Plan right now is making a poor man version of the professional setups out there. I am not trying to setep on anyones toes here, I am just to darn cheap to pay for the nice professionally made units out there. I have been thinking about how I am going to construct it and believe should get decent results. 

I will post more details once get under way but the long and short of it is I will be taking a lenght of pipe, capping off one end for a bottom with a PVC cap from big box store, attach that to a base of some sorts, fashion a top out of another PVC cap, put in a air fitting or two and a vacuum gauge and ready for action. 

I am thinking I will go with a 12" chamber to start. I have 36" of pipe coming in so can build a secondary unit if want after get the hang of it. I may go 18" but undecided right now. I thought I would start small and go bigger from there. Right now I am planning on a 4" pipe 12" high. Still figuring out weight setup to keep wood weighed down when first starting process. I have an idea but have to see how that will work out once I get the pipe in hand. 
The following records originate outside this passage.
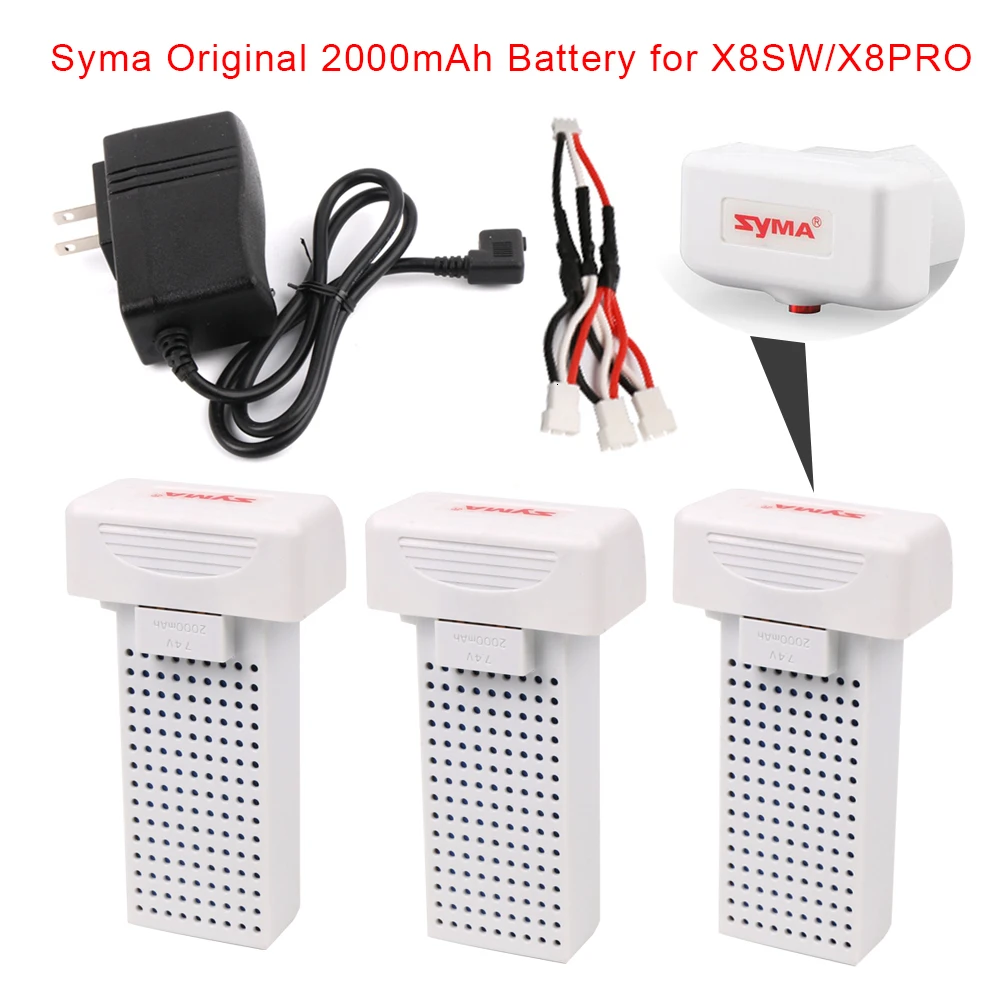 Syma X8PRO X8SW X8SC Радиоуправляемый Дрон Квадрокоптер 7,4 V 2000mAh ультра-высокая емкость Lipo X8 PRO батарея запасные части ZLRC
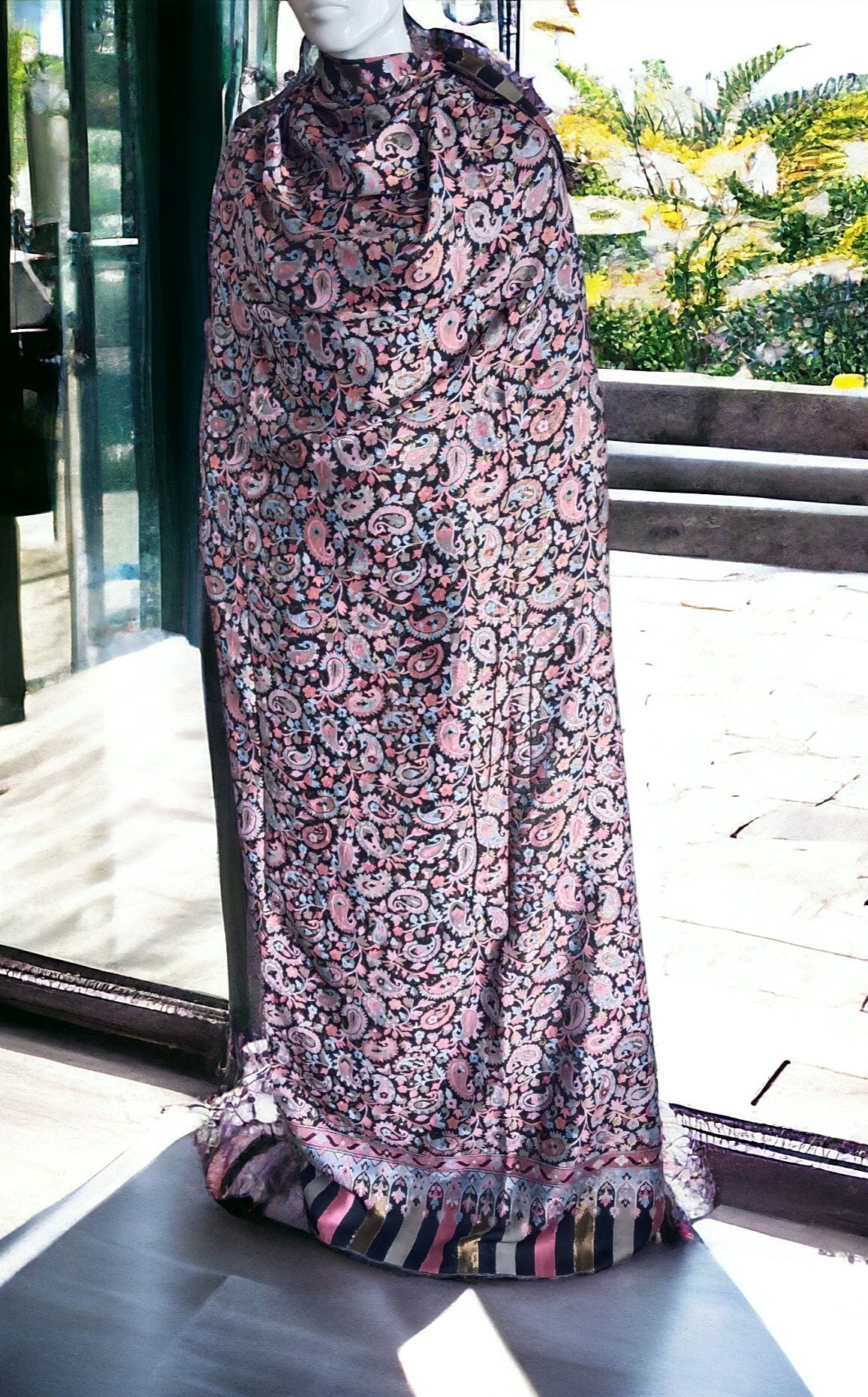 Black sliver Embroidered 100% Cashmere Pashmina Luxurious Hand woven shawl scarf travel blanket Soft Touch Lightweight shoulder Warmer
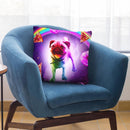 Rainbow Space Pug With Pizza And Doughnut Throw Pillow By Skyler Hill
Any suggestions you have during build will be welcomed as always. If you see me doing something bone headed please let me know. I will keep things updated as I get process under way. Right now I have pipe, vacuum gauge, and air fittings on the way here. Once those start to arrive I will be off and running.

Reactions: Like 1


----------



## Schroedc (Feb 2, 2016)

In my opinion if you can, go 18 inches plus from the get go, You'll be able to do longer pieces if you want plus a decent amount of head space if you aren't doing long stuff to make it easier to avoid sucking any resin into your pump (Don't ask me how I know) It also allows you to keep a decent amount of resin on top of the wood so you know you have enough when it starts to suck in.

Reactions: Like 1


----------



## Kevin (Feb 2, 2016)

Chris if your time is worth anything you should just buy a chamber from Jeff (gatorvenom.com) or Curtis (turntex.com) or there are a number of other sources like ebay or amazon etc. but I prefer dealing with individuals that pick up the phone. I know both of these guys personally though and would suggest you deal with one of them for something like a chamber, unless you're retired and have time to burn. JMO.


----------



## ironman123 (Feb 2, 2016)

I agree with Kevin, but quite a bunch of people have made some workable systems.


----------



## gman2431 (Feb 3, 2016)

What are you going to use for a seal?

And I have to disagree with @Kevin. It didn't take me long at all to grab some fittings and what not and tap the holes to make a lid. From there it will fit on any pot it pipe or whatever you plan to use.

Reactions: Like 1


----------



## DavidDobbs (Feb 3, 2016)

I have 6 "chambers" all home built all very simple. I have 3 glass and 3 steel.
I use foam toolbox liner for my seals works great.
Glass Cylinders are from the box craft store. Sure you drop or knock it over it will break. The ones I picked out I made sure they were good and solid no bubbles in the glass. With the 50% off coupon out of the weekly junk mail 4" ×18" $4.50
Been using them for 3 years. Super easy to clean up also. 
Any questions just ask
Dave

Reactions: Like 1


----------



## Chris S. (Feb 3, 2016)

Never underestimate my cheapness.

Saw the video making glass one, seemed very easy however I have a great ability for breaking glass so that's why went with plastic. 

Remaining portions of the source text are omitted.